:: GIVEN INFORMATION

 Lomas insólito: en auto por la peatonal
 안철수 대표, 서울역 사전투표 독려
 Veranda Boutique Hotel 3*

::::
:: GIVEN INFORMATION

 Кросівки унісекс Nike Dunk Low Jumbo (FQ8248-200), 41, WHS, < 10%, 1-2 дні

::::

### WHAT YOU ARE ASKED TO DO
Copy out, exactly and alone, the lines of the entries above between the ones holding "Lomas insólito: en auto por la peatonal" and "Veranda Boutique Hotel 3*", inclusive.

### REPLY
 Lomas insólito: en auto por la peatonal
 안철수 대표, 서울역 사전투표 독려
 Veranda Boutique Hotel 3*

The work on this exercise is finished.